Beacon Cut Score Tools – George Schneiderman

Beacon tests were made up of new questions that had been specifically written to the higher demands of the Common Core Standards; since they were new, there was limited baseline performance data. Furthermore, every district created its own assessment blueprints based on the scope and sequence of its particular curriculum, so each district had its own unique assessments. These factors prevented us from implementing a traditional cut score setting process, which meant, in effect, that school districts were left to set their own cut scores on a raw score basis. (A cut score is the minimum score required to place into a particular performance band on a test.)

CutScoreSettingWireframe

I wanted to create tools to help district administrators with the cut score setting process, and began with some initial conceptual wireframing. Here, we see raw score distribution for each of several tests in a sequence, and can observe that they had quite different shapes. We can also see that the district opted for a considerably lower “yellow” cut score on the unit 1 test than on the unit 2 test (39% vs. 55%), although in both cases this resulted in similar a similar proportion of students placing into the lowest band (30% vs. 32%). The process of creating this wireframe–and drawing the graphs using real data–helped me to to both think through and articulate a few issues. One issue, common to non-continuous data sets, is that a conventional histogram could be misleading because of “bucketing”. Consider histograms bucketed using the intervals 0-10%, 10%-20%, etc. Depending on the precise number of points possible on the test, some intervals will be associated with more possible scores than other intervals, which may produce “lumpiness” in the histogram that is purely a display artifact, with no significance in the underlying data set. This led me to create a separate bar for each possible score. At the same time, I wanted charts to facilitate comparisons between tests which might have had quite different possible scores from one another, which led to the variable width bars (and variable spacing between bars) shown here.

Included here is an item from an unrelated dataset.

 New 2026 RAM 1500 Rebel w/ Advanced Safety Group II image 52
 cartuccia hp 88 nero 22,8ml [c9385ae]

The main idea here was that the bottom graph represented the most recent test in the series, for which cut scores had not yet been finalized, and the administrator would be able to experiment with different possible cut scores to see the impact upon student classification. As it turned out, we did not have sufficient development capacity to build a tool like this into the product, but the wireframing helped to inform my development of a spreadsheet-based tool instead, which I conceived and built myself in Google Sheets.

The tool took as input raw score data that could be copied and pasted from an existing Beacon export file, along with target distributions (i.e., the approximate percentage of students that the district thought should be placed into each performance band). The tool then recommended appropriate cut scores, and also allowed the user to see the distributions that would result from alternative choices. Account managers were able to use this tool to work with district administrators to help them select cut scores appropriate to their tests and students.

A tricky thing here is that while districts typically wanted to see performance distributions on their Beacon formative assessments that were roughly in line with their end-of-year high-stakes summative tests, this was at a time when most states were in the process of transitioning to new Common Core aligned summative tests, and didn’t really know what results to expect. It was universally understood that the Common Core cut scores would be significantly more rigorous than most legacy state tests (although there was also enormous variability amongst the states in where they had set their existing cut scores), meaning that there would be a lot more students scoring in lower levels and a lot fewer students in higher levels. But how many more, and how many fewer, was unknown. One reasonable basis on which to make an estimate was the NAEP (the National Assessment of Educational Progress), since the Common Core assessment consortia had indicated that their cut scores would be in line with the NAEP’s. This was not immediately useful, however, since NAEP results are generally only reported at the state level, not the district level, and there is profound district-to-district variation in most states.

To fill in this gap, I used spreadsheets to create a simple statistical model to estimate a district’s likely performance on upcoming Common Core tests. By comparing performance level distributions across different tests, it was possible to model relationships amongst them, and thereby use data from one test come up with rough estimates for how a district is likely to do on a different test.

For example, the spreadsheet at right shows that on California’s pre-2015 state test in math (the CST), 32.8% of California students were classified as “Advanced”, whereas only 6% of California students scored as “Advanced” on the NAEP. Across California, only 17% of students who scored “Advanced” on the CST earned that same distinction on the NAEP, whereas 74% scored “Proficient”, and 9% as “Basic”. Applying these same distributions to individual districts in California allowed for the creation of a crude estimate for how each district might expect to perform on Common Core tests, which provided at least a reasonable starting point for setting Beacon cut scores. (The example shown in this screen shot was actually a test case for the model, since Los Angeles USD is one of a small number of districts participating in a Department of Education pilot of reporting NAEP results at the district level.)

In addition to their use by account managers, these tools also allowed me to revisit our set of default Beacon cut scores (which many districts did not change), and to come up with new values that were both more appropriate to the difficulty of the content and much better justified to customers.